Mit alledem soll der Nutzen, ja die Unabdingbarkeit der Theorie des Städtebaus festgehalten und belegt, aber nicht ihr möglicher Nachteil verschwiegen werden. Genauer: Die Gefahr der Theorie um der Theorie willen der von der Praxis losgelösten Selbstreflexion. Auch solcherlei nebulöses und redundantes Geschwafel plagt die Gegenwart unserer Disziplin. Gewiss gibt es Theorien, die sich primär aus anderen ableiten lassen und dabei bedeutsam und innovativ sind: Jene von Alberti zählt dazu. Ihre Innovation und Bedeutsamkeit schöpft sie jedoch nicht nur aus der kritischen Auseinandersetzung mit Vitruvs Traktat, sondern auch und vor allem aus der (gleichermassen kritischen) Beschäftigung mit der antiken und, mehr noch, der mittelalterlichen Stadt. Nur diese Beschäftigung erlaubt es Alberti, ebenso visionär wie konkret zu argumentieren. Die Theorie ist auf die Praxis angewiesen, die Praxis aber gleichermassen auf die Theorie: für den Städtebau in besonderem Mass. Denn dessen Praxis zielt darauf, einer Gemeinschaft von Menschen eine Behausung zu geben und einen identitätsstiftenden Ort. Deswegen ist sie auf möglichst viel Wissen angewiesen, auch ausgesprochen pragmatischer Art, um ihre überaus komplexe Aufgabe zu erfüllen: Wissen über das, was die Disziplin in der Vergangenheit geleistet hat, und Wissen über das, was das besondere Projekt in der Gegenwart für die Zukunft leisten soll.

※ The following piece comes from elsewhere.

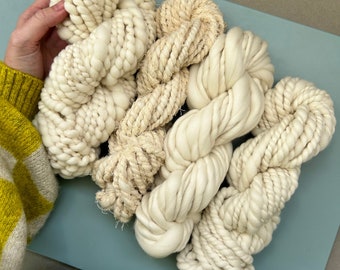 Hand Spun Bundle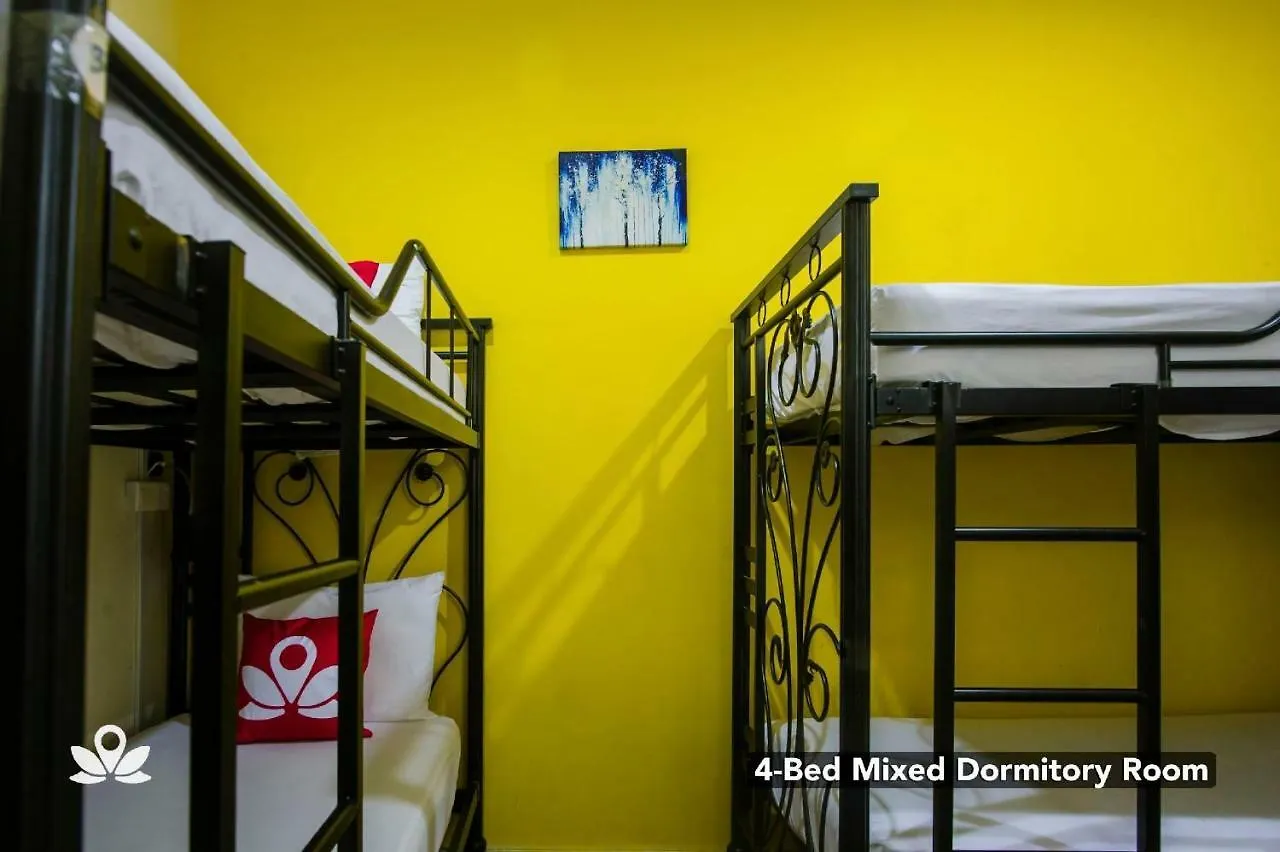 Guest house The Explorers Guesthouse And Hostel Kuala Lumpur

Dieses Wissen ist keine ausreichende, nur eine notwendige Bedingung. Es muss, auch für den Städtebau, in den Dienst eines künstlerischen Talentes gestellt werden. Aber selbst das grösste künstlerische Talent wird ohne dieses Wissen allerhöchstens eine hübsche Ansammlung einnehmender architektonischer Objekte schaffen. Für eine Stadt braucht es historische Erfahrung, solide Kenntnisse, klare Leitsätze. Für eine Stadt braucht es ein Fundament: nicht nur ein bauliches, nicht nur ein historisches, sondern auch und unbedingt ein theoretisches.

Prof. Dr. Vittorio Magnago Lampugnani lehrt Geschichte des Städtebaus an der ETH Zürich und ist Architekt in Mailand. Vor wenigen Wochen erschienen im Berliner Gebr.-Mann-Verlag die letzten beiden Bände der fünfteiligen «Anthologie zum Städtebau», die er gemeinsam mit Katia Frey und Eliana Perotti herausgegeben hat.

Piero della Francesca, Idealstadt 

Nota.

Es wird in dem Beitrag nicht ganz deutlich: Pienza wurde nicht erst geplant und dann gebaut, sondern war schon da und wurde unter Enea Silvio Piccolomini, nachdem er als Pius II. Papst geworden war, umgebaut, denn es war sein Geburtsort, den er seiner neuen Würde anpassen wollte. Andernfalls sähe Pienza vielleicht so aus wie Piero della Francescas Entwurf.